Johann Joachim Winckelmann

Johann Joachim Winckelmann

Winckelmann

 1717~1768. A German historian of art. He shed new light on art of ancient Greece and established the ground for neo-classicism criticism. The major works of his are Thoughts on the Imitation of Greek Works in Painting and Sculpture (1755)、History of Ancient Art (1764) and others. Walter Pater set a chapter 'Winckelmann' and introduced him to England. Vernon Lee wrote on Winckelmann as "first reveal the world of ancient art"('Orpheus and Eurydice'.) Winckelmann was a homosexual.
 In 'Higher Harmonies' in Laurus Nobilis, Lee asserted that Winckelmann and Goethe made sculptures in ancient Greece "fashionable."
 Winckelmann asserted that Greek culture is the culture of white, so Pater and Lee, who loved white, loved his works. White was the favorite color of Lee and according to her, the color doesn't express one's inner emotions such as passion. White is also the color of homosexuality and both Lee and Pater were homosexual. Lee's idea that put forms above colors derived from Winckelmann.
 'The Child in the Vatican'(Belcaro) is a work in which the influence of Winckelmann on Lee is the most salient. In this short story, a boy visits Vatican and looks at sculptures there.
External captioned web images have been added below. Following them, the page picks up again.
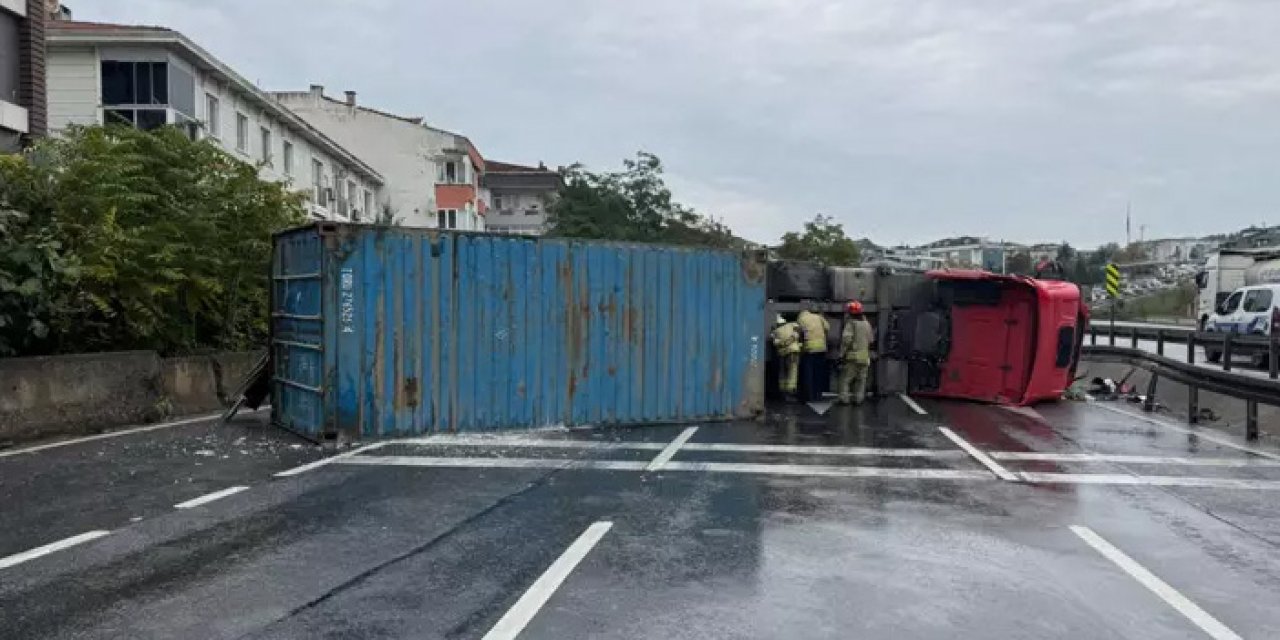 Büyükçekmece’de TIR devrildi: E5’te trafik felç oldu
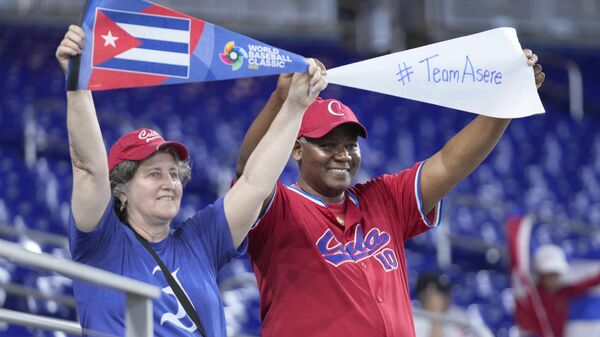 Asistentes al juego entre EEUU y Cuba, por seminifales del Clásico Mundial de Béisbol 2023 - Sputnik Mundo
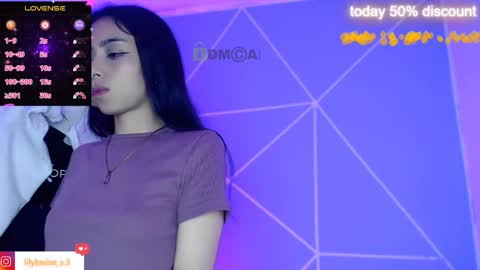 Snapshot of lilylouisee_ chatting on 3, 12, 2025 Liliana louise online show from 3, 12, 2025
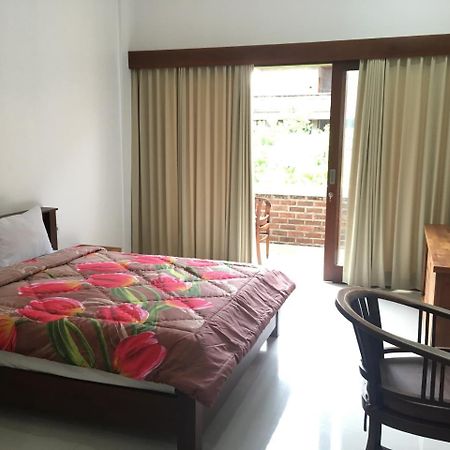 Si Doi Kuta Hotel Kuta Lombok Eksteriør billede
There is a passage in it: "in these vague, white things, with their rounded white cheek, and clotted white hair, with their fold of white drapery about them, the child recognises nothing: men? women? it does not ask: for it, they are mere things, figures cut out of stone."
 Christoph, the hero of Ottilie, reads Lessings' Laocoon and then reads "Winckelmann's great books."